John Kovachi handled the wheel build on the NoTubes.com Stans Flow rims. The stiffness of the build was spot on and the Flow rims provide a great, wide platform for larger tires at a weight that is respectable for numerous ride conditions. Basically, combined with the engagement and reliability of hubs…this is an incredible set to take just about anywhere.
While riding the Hadley’s, the buzzing coming from the rear hub is about as loud as you would expect from a Chris King with a little bit deeper sound. Just loud enough to know the engagement is back there but not so loud that you can hear the dirt ripping against the tires. Being a technical rider, I am a sucker for fast engagement hub drives and the 72 point of the Hadley really delivers in double clutch, slow tech situations. There is very little delay between moving your legs and power getting to the ground. Slower engagement hubs have a distinct gap during this process and the Hadleys delivered the power when you need it.
During flat and rolling sections, you can almost feel the freewheeling capabilities of this hubset. There is literally zero drag as you let gravity and the bike do its thing. With some larger engagement hubs, there is a break-in period where drag can become an issue and the Hadley’s just worked from day one.
The 10mm TA rear axle platform provided a stiffer platform than a traditional quick release which allowed for a more secure attachment and let the rear end of the bikes track better. Combined with the ease of use and minimal weight penalty of the Hadley 10mm, I actually ended up converting all of my hubs to accept that axle. It has too many benefits on the trail not to. As you can see by the pictures in the gallery below, there was very little scarring or wear on the freehub body even after multiple cassettes and harsh riding conditions. Even after all of the abuse, the cassette slides on and off easily.
Overall Thoughts On The Hadley Racing Hubs
As you can see, I have become a huge fan of Hadley Racing over the course of this review. The 72 point engagement pawl drive is dead on every time with literally zero drag and the buzzing of the rear hub is loud enough to hear but not so loud that it takes away from the ride. The flanges on the Hadley’s provide a solid foundation for a stiff wheel build which makes them capable for everything from cross country riding to downhill. The convertible front hub allows fork swaps and transferring from bike to bike a breeze, but I would like to see a more secure way to handle the 20mm TA duties.
If I had one other complaint other than the 20mm TA end caps, it would be distribution. Without a website or any serious marketing behind these hubs, they can be hard to find information on to make service and buying decisions. The crew over at Hadley really needs to ramp up the promotion aspect of their product so more riders can enjoy the high quality manufacturing of their hubs.

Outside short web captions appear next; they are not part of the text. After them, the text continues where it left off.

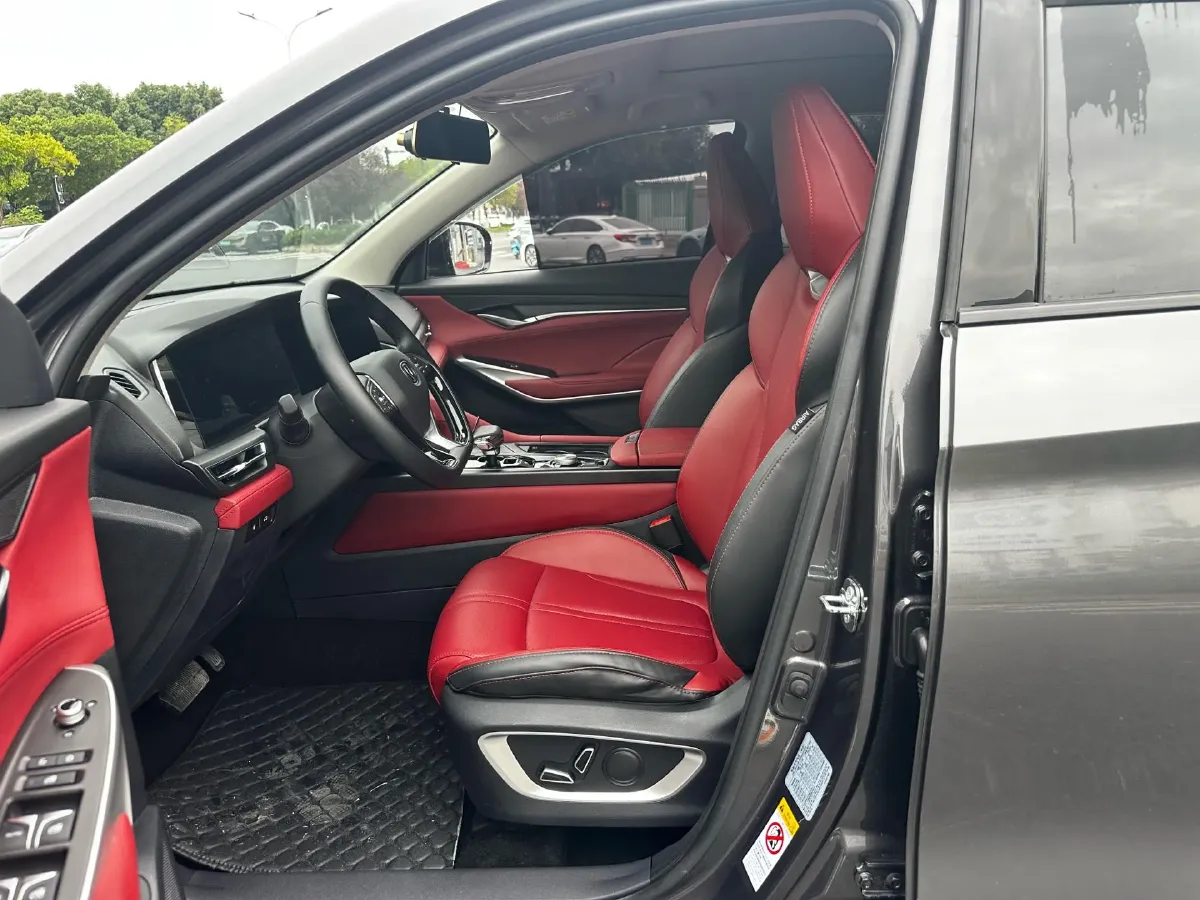 2020 ChangAn CS75 Plus 2.0T 233HP L4 8AT,autocango,china used car exporter,china ev exporter,chinese used car exporter,chinese used ev exporter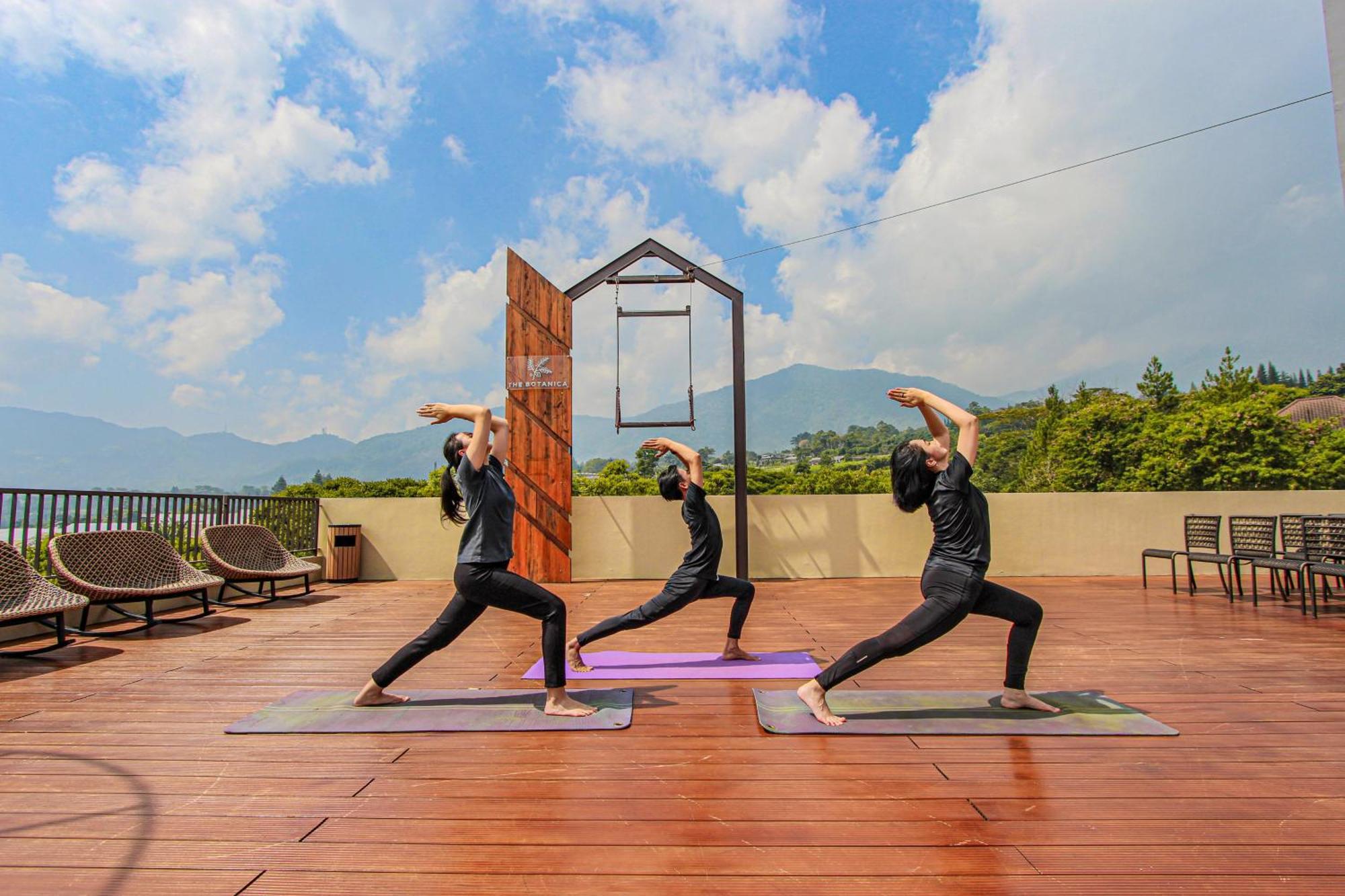 The Botanica Sanctuary Ξενοδοχείο Puncak Εξωτερικό φωτογραφία The Yoga Deck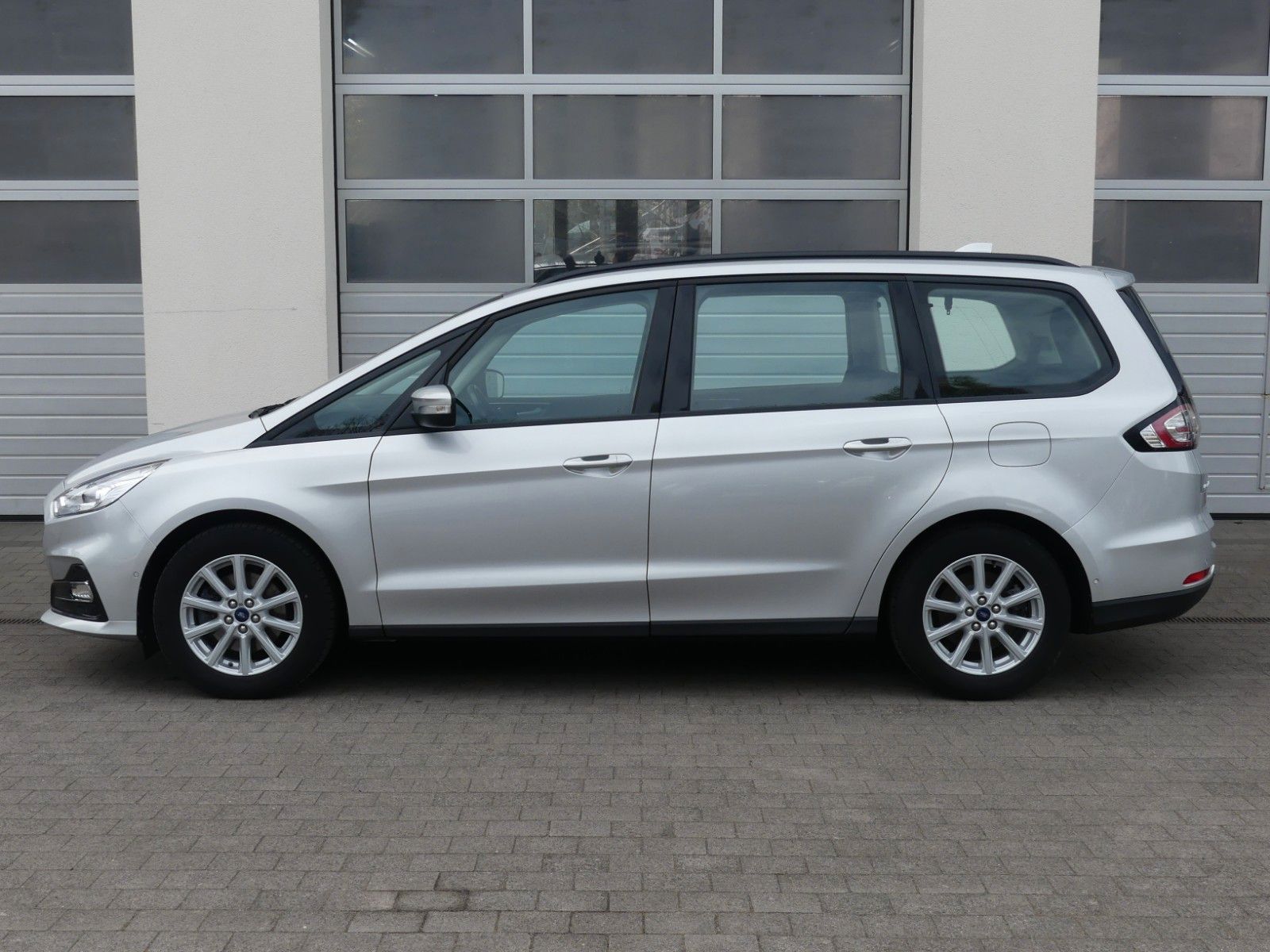 Fahrzeugabbildung Ford Galaxy Trend*Kamera*7 Sitze*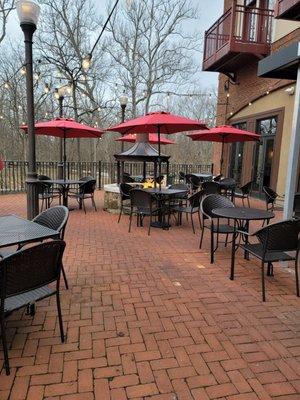 Nice outside eating area with fire pit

What I Liked About The Hadley Racing Hubs
- Best 10mm TA in the Business
- Easily Convertible Front Hub
- Almost Zero Drag
- 72 Point Engagement
- High Build Quality
- Durable Enough To Use In Most Riding Conditions
- Easy To Maintenance
- Incredible Value
What Could Use Some Work On The Hadleys
- 20mm TA End Caps Need To Have A More Secure Attachment
- Better Distribution and Marketing
If you are looking for a solid hubset that can be used in a variety of riding conditions, these may be what you are looking for. I need a hubset that will perform in everything from occasional xc races to several foot drops and…to this point…these hubs have been able to deliver in all situations. They don’t have the brand recognition of a Chris King or the crazy engagement/colors of an Industry Nine, but – at the end of the day - they work every time and provide enough engagement to keep this tech rider smiling.